Directions for this task: What is wanted is every line below from the one with "I'm going to" up to and including the one with "Hi everyone! I", retyped exactly, pictures excluded, nothing else.

Available data:
- - - - - - -
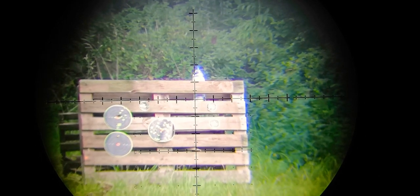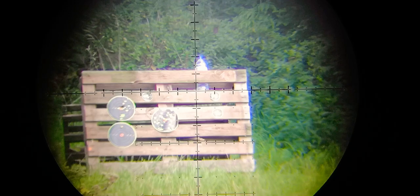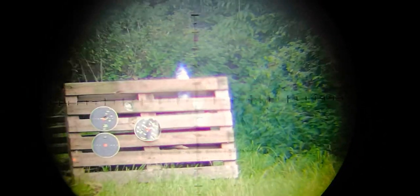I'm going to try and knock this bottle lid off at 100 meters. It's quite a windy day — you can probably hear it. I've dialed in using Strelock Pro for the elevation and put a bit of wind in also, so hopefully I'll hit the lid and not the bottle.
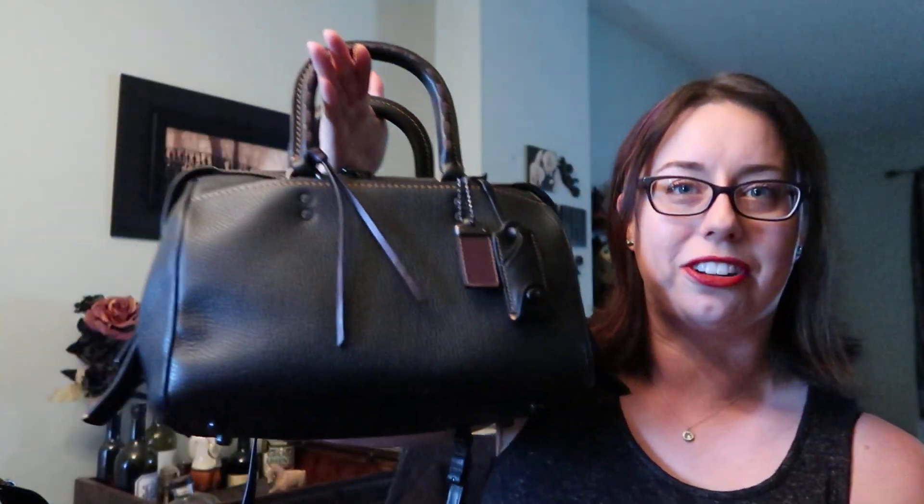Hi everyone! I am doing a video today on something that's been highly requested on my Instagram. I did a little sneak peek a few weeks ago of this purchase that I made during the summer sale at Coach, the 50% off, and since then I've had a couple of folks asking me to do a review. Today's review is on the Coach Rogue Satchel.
- - - - - - -
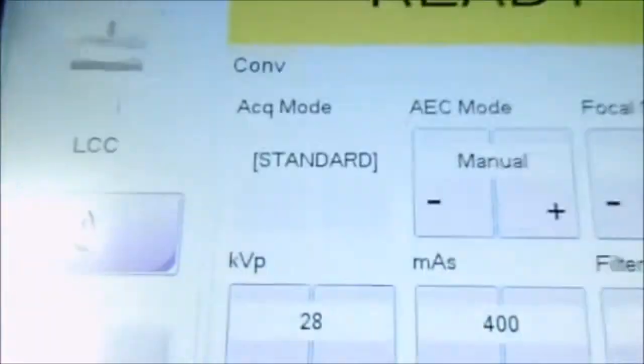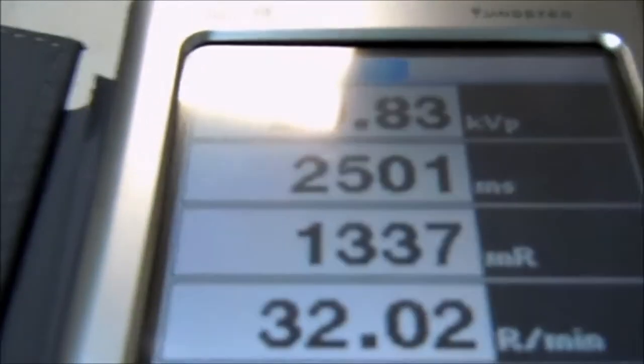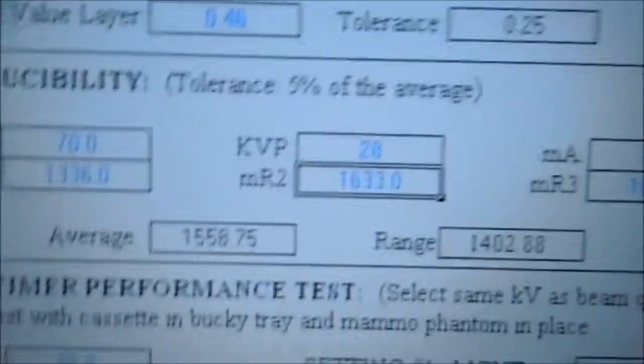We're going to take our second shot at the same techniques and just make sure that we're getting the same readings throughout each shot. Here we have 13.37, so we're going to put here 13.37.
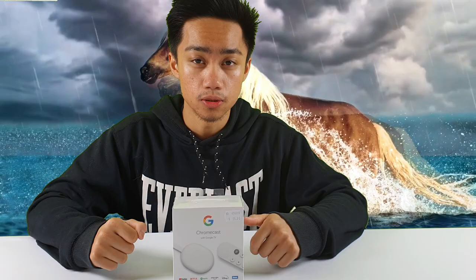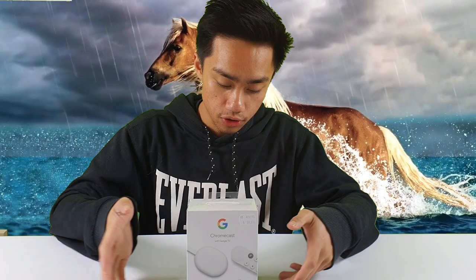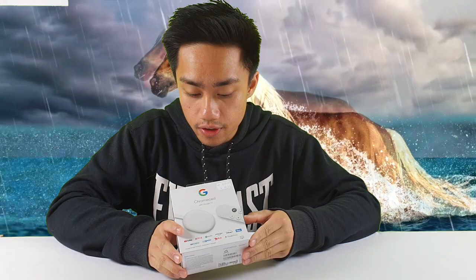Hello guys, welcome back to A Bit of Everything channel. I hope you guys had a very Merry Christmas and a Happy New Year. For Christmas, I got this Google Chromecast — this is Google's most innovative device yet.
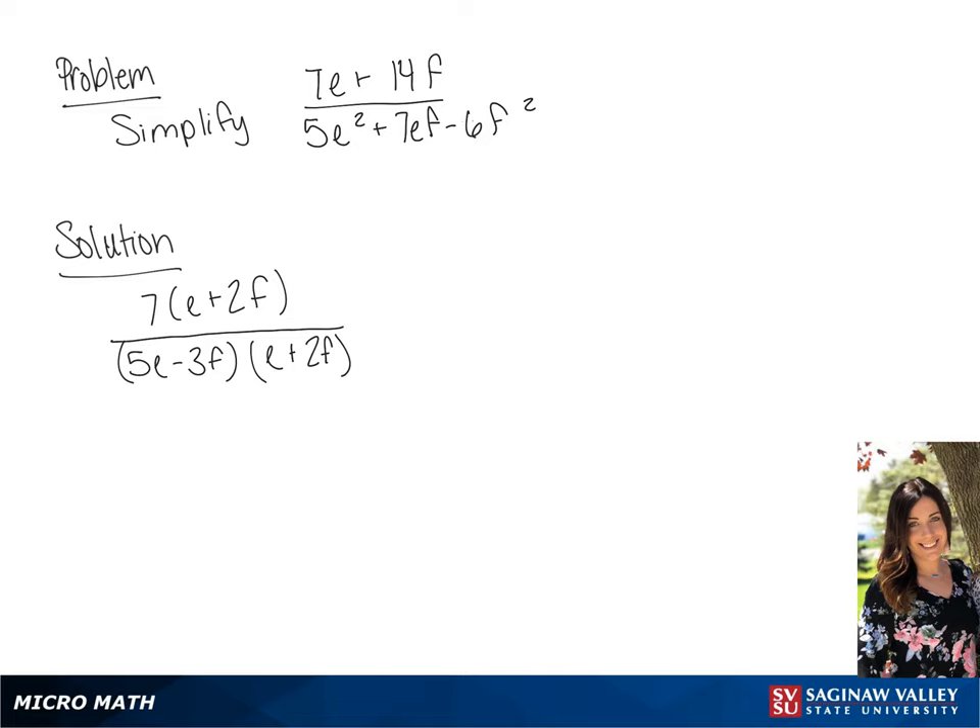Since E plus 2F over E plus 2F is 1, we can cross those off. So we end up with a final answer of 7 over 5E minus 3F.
- - - - - - -
Task output:
I'm going to try and knock this bottle lid off at 100 meters. It's quite a windy day — you can probably hear it. I've dialed in using Strelock Pro for the elevation and put a bit of wind in also, so hopefully I'll hit the lid and not the bottle.
Hi everyone! I am doing a video today on something that's been highly requested on my Instagram. I did a little sneak peek a few weeks ago of this purchase that I made during the summer sale at Coach, the 50% off, and since then I've had a couple of folks asking me to do a review. Today's review is on the Coach Rogue Satchel.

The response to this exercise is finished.